All participants recorded their voice and completed a symptom questionnaire on their smartphone, personal computer or tablet.


Pre-Processing and Analysis

Because the data included recordings from an online survey, quality tests were done to ensure recording quality. For the analysis, 578 high-quality recordings from the online survey were included, out of 977 online survey recordings collected; 399 were excluded from the analysis because they were unclear, too short or noisy, or did not follow instructions. All recordings from the clinical trial and YouTube analysis were included. All recordings were sampled at a frequency of 44.1 kHz and normalized between a range of −1 and 1. The first 10 seconds of continuous speech in each recording were used in the analysis.


For the analyses described in this paper, the data were divided into a training set and a test set for each analysis. In each analysis, the same voice feature extraction and model evaluation processes described below were conducted on the training set, and a validation procedure was performed on the test set.
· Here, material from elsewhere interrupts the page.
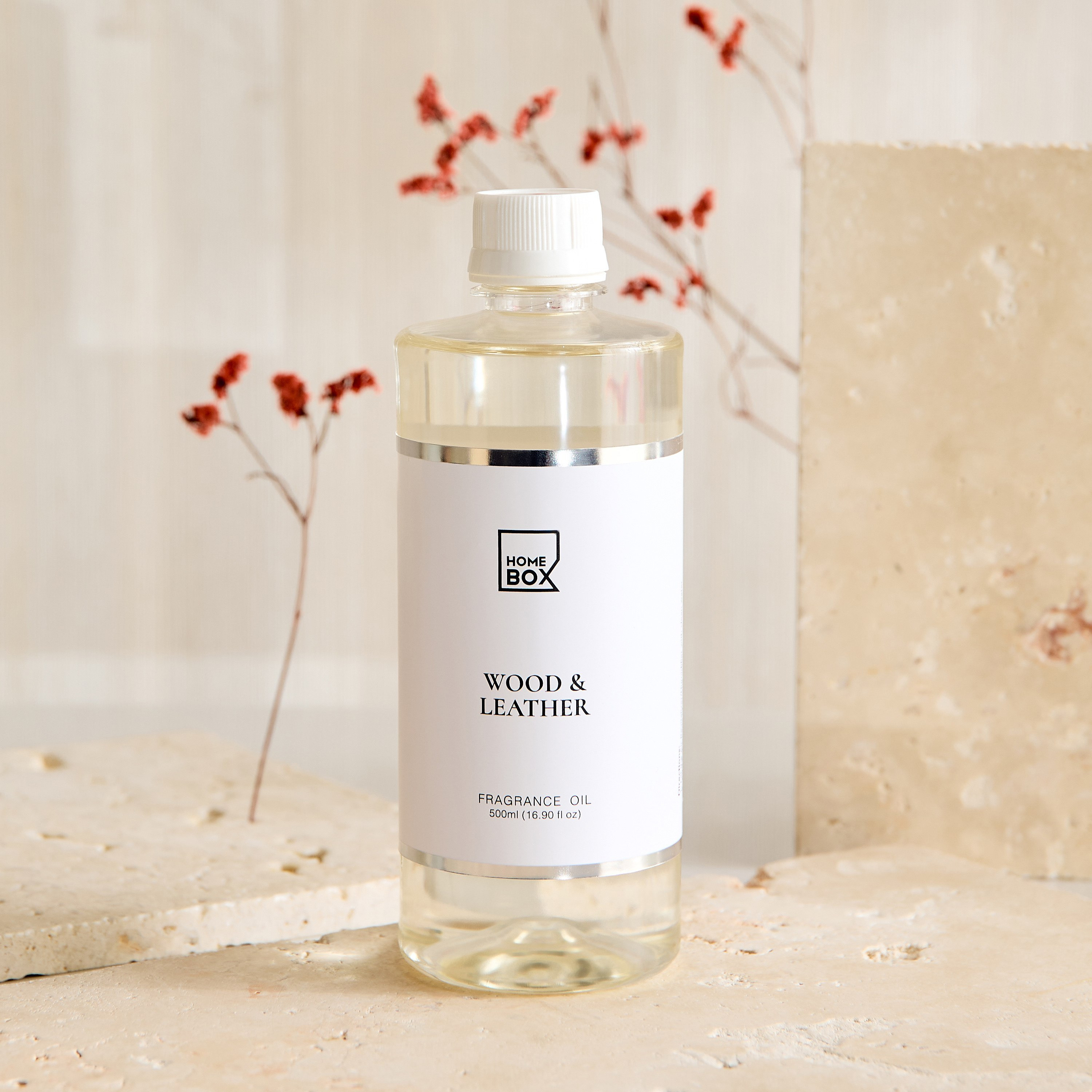 Nina Allure Wood and Leather Fragrance Oil in Pet Bottle - 500 ml-hbxhomeware-hbxdecorandfurnishings-image-1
The results of the biomarker performance are described in detail at the end of each analysis.


Voice Feature Extraction

Reference is now made to FIG. 3, illustrating the feature extraction process conducted in each analysis using transfer learning and adaptation methods. The feature extraction process was based on published transfer learning and adaptation methods [Kumar]. Recordings were down-sampled to 16 kHz and a spectrogram was computed using the Short-Time Fourier Transform. Each spectrogram was passed through a pre-trained deep convolutional neural network, which resulted in a 512-dimensional features vector for each recording. This approach enables state-of-the-art results with small training databases.


Biomarker Training and Model Evaluation Process

A 10-fold cross validation procedure was conducted, and several models were evaluated (k-nearest neighbours, support vector machine and random forest) at different regularization levels. In each analysis, the results of the models were evaluated by the average area under the receiver operating curve (AUC). The model selected for each analysis is described as the vocal biomarker, a positive scalar between 0-1, which is a non-linear combination of the 512 features mentioned above.


Analysis 1. Assessing the COVID-19 Vocal Biomarker Performance on a Balanced Dataset

Of n=953 participants, 8% of participants were COVID-19 positive (n=78) and 92% were COVID-19 negative (n=875). A balanced training set was constructed in which each positive participant was paired with a negative participant who spoke the same language, had the same gender and a similar age (no more than a 1-year difference). This training set included a total of 156 participants from all three methods of data collection. It is important to note that some of the recordings contained scripted speech (clinical trial, online survey) while others contained free speech (YouTube). Baseline characteristics of the balanced training set are summarized in Table 1.









TABLE 1







Baseline characteristics of the balanced training set











Total
Positive
Negative



Participants
COVID-19
COVID-19



(n = 156)
(N = 78)
(n = 78)





Age (years)
35 ± 14
35.6 ± 14.2
34.3 ± 14


Male (%)
108 (70%)
54 (70%)
54 (70%)


Language:





Hebrew
 64 (41%)
32 (41%)
32 (41%)


English
 92 (59%)
46 (59%)
46 (59%)


Study method:





Clinical trial
 49 (31%)
32 (41%)
17 (22%)


Other
107 (69%)
46 (59%)
61 (78%)





Note:


COVID-19 confirmed by PCR in the Clinical Trial group and self-reported in the other groups






The feature extraction and clinical validation procedures described above were performed on each recording in the balanced training set. The optimal result of our 10-fold procedure was an AUC of 0.69, using a support vector machine model with a nonlinear kernel (radial basis function). FIG. 4 shows the receiver operating curve. For further clinical validation, we randomized the labels (positive/negative) between the recordings and identified an AUC 0.5-0.53, which is equal to a random classifier. This test validated there was no data leakage of outside data into the training set and vice versa.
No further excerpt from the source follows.